The final assignment of error is that the trial court erred in failing to grant the defendant a new trial on the basis of newly discovered evidence. In this regard, it is urged that, essential to the conviction of the defendant, was a reasonable explanation by the State as to why the deceased was armed with a rifle on the day in question. Testifying on behalf of the State, Kenny Ford stated that on the day in question he and his father were proceeding to the dump where they intended to shoot stray dogs which had been left there for that purpose by city policemen. On their motion for a new trial, counsel for the defendant offered for the first time statements by the City Manager of Cookeville and two city policemen to the effect that the deceased had no direction from the city to kill the dogs. Furthermore, the officials stated that it was customary for the police department to perform this task. It is insisted that these statements refute the State's theory and should therefore necessitate the granting of a new trial to the defendant.

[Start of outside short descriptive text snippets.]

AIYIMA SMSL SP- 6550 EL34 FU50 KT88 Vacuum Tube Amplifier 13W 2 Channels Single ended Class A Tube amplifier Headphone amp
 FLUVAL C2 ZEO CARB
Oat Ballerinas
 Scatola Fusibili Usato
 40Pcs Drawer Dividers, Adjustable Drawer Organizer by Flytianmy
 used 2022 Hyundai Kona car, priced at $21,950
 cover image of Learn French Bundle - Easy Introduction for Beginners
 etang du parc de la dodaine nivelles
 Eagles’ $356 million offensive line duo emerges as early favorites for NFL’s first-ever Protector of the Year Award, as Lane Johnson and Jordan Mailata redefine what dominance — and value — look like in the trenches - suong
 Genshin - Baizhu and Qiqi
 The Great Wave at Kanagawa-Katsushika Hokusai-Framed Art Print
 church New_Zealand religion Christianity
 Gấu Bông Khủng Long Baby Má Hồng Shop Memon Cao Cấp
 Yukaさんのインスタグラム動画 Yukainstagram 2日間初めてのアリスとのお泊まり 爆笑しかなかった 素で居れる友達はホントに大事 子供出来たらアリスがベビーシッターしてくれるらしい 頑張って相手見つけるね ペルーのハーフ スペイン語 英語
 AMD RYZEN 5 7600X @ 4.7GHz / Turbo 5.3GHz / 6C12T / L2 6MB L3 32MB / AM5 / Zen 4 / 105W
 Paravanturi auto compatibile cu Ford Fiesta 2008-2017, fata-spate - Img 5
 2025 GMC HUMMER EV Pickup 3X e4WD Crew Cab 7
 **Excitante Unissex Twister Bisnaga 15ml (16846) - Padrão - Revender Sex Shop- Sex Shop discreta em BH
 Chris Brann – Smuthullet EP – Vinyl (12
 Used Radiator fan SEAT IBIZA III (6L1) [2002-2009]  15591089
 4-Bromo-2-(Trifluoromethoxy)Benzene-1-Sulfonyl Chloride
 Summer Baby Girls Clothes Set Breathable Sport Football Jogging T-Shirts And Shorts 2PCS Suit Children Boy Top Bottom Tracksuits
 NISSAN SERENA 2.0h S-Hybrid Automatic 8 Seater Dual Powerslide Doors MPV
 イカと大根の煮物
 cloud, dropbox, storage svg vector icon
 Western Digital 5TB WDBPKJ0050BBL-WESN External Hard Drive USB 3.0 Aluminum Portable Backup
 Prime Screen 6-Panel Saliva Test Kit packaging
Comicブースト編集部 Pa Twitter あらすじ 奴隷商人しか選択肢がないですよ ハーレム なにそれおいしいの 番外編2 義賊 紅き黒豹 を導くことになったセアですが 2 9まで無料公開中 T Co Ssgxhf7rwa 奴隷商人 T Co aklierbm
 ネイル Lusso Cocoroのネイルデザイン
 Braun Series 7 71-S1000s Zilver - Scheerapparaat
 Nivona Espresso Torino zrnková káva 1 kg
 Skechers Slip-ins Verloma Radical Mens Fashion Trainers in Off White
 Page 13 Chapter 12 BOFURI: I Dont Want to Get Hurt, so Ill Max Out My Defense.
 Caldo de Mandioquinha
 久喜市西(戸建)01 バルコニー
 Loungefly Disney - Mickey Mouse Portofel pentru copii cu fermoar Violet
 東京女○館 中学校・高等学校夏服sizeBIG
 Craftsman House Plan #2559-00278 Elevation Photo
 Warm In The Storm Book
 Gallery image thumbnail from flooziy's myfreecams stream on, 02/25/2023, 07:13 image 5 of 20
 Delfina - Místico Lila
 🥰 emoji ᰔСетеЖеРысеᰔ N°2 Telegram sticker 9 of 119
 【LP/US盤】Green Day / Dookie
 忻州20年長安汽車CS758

The granting or refusing of a new trial upon the basis of newly discovered evidence rests within the sound discretion of the trial court. Moore v. State, 96 Tenn. 209, 33 S.W. 1046. Considering the nature of the so-called newly discovered evidence in the case at bar, we do not think that the trial court manifestly abused its discretion in denying the defendant's motion. In the first place, this newly discovered evidence is merely contradictory and impeaching evidence, which does not necessarily justify the granting of a new trial. See Harper v. State, 206 Tenn. 509, 334 S.W.2d 933; McGhee v. State, 183 Tenn. 20, 189 S.W.2d 826, 164 A.L.R. 617; Vest v. Bitner, 34 Tenn. App. 575, 241 S.W.2d 438; Monday v. Millsaps, 37 Tenn. App. 371, 264 S.W.2d 6. Furthermore, the record reflects that each witness who testified concerning this matter was available on the day of the trial; however, none were subpoenaed on behalf of the defendant. This Court has frequently held that it is not error for a trial court to deny a new trial on the basis of newly discovered evidence where it appears that reasonable diligence has not been exercised in the procurement of witnesses at the original trial. Leonard v. State, 155 Tenn. 325, 292 S.W.2d 849; Taylor v. State, 180 Tenn. 62, 171 S.W.2d 403. We believe that through reasonable diligence the testimony in question could have been made available at the present trial. Accordingly, this assignment of error is overruled.

In summary, we hold that the defendant has received a fair and impartial trial, and there is no error in the record which would justify a reversal of his conviction. Therefore, the judgment of the trial court is affirmed.